• **PROBLEM DETAILS**
From the entries below, please output exactly the lines starting at the one containing "Tyler Soderstrom [Orange" and ending at the one containing "Photo of the", both included.

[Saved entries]
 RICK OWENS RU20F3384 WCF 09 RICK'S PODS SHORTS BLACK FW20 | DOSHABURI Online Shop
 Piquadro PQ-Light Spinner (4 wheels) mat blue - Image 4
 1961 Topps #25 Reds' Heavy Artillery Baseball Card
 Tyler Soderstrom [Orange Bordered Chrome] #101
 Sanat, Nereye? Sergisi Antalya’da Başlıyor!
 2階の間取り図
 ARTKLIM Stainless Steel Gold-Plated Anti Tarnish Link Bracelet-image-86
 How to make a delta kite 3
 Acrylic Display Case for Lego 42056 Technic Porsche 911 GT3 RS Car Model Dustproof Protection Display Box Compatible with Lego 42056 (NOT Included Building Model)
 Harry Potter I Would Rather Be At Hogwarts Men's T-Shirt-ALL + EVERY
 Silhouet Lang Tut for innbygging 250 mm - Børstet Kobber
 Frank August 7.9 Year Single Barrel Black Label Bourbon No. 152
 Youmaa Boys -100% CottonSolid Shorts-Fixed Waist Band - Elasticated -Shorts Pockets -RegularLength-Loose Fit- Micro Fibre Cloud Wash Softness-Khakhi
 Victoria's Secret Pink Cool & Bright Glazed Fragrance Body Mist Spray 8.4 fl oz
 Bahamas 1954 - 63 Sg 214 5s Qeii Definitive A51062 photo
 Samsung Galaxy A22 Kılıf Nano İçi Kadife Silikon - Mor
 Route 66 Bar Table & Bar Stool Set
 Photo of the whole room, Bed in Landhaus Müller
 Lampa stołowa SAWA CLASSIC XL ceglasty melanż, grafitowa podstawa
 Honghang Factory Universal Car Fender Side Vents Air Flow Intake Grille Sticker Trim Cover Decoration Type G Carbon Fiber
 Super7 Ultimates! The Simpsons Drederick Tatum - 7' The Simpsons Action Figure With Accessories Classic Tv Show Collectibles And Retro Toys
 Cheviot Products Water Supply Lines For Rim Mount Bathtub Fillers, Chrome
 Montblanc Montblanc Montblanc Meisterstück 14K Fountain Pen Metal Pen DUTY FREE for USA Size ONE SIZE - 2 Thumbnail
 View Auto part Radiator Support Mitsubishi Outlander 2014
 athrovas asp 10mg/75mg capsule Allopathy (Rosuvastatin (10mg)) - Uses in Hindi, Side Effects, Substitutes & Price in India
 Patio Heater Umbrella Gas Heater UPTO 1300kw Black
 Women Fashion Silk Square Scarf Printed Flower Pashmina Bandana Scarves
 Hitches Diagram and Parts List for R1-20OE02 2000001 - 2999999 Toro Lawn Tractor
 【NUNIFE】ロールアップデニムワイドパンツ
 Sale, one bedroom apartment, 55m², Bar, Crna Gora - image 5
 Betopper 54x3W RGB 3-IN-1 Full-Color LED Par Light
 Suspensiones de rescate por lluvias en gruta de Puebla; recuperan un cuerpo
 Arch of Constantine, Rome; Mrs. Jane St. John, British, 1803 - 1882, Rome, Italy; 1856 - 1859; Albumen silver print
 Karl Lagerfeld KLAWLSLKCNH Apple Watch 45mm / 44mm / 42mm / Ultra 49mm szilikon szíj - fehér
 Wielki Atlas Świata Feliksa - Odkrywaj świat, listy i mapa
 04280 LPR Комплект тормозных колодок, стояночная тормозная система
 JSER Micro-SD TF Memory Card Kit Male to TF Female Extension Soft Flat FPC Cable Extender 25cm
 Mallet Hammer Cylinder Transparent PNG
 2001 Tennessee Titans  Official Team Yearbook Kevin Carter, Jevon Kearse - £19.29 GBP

• **ANSWER FOR THE TASK**
 Tyler Soderstrom [Orange Bordered Chrome] #101
 Sanat, Nereye? Sergisi Antalya’da Başlıyor!
 2階の間取り図
 ARTKLIM Stainless Steel Gold-Plated Anti Tarnish Link Bracelet-image-86
 How to make a delta kite 3
 Acrylic Display Case for Lego 42056 Technic Porsche 911 GT3 RS Car Model Dustproof Protection Display Box Compatible with Lego 42056 (NOT Included Building Model)
 Harry Potter I Would Rather Be At Hogwarts Men's T-Shirt-ALL + EVERY
 Silhouet Lang Tut for innbygging 250 mm - Børstet Kobber
 Frank August 7.9 Year Single Barrel Black Label Bourbon No. 152
 Youmaa Boys -100% CottonSolid Shorts-Fixed Waist Band - Elasticated -Shorts Pockets -RegularLength-Loose Fit- Micro Fibre Cloud Wash Softness-Khakhi
 Victoria's Secret Pink Cool & Bright Glazed Fragrance Body Mist Spray 8.4 fl oz
 Bahamas 1954 - 63 Sg 214 5s Qeii Definitive A51062 photo
 Samsung Galaxy A22 Kılıf Nano İçi Kadife Silikon - Mor
 Route 66 Bar Table & Bar Stool Set
 Photo of the whole room, Bed in Landhaus Müller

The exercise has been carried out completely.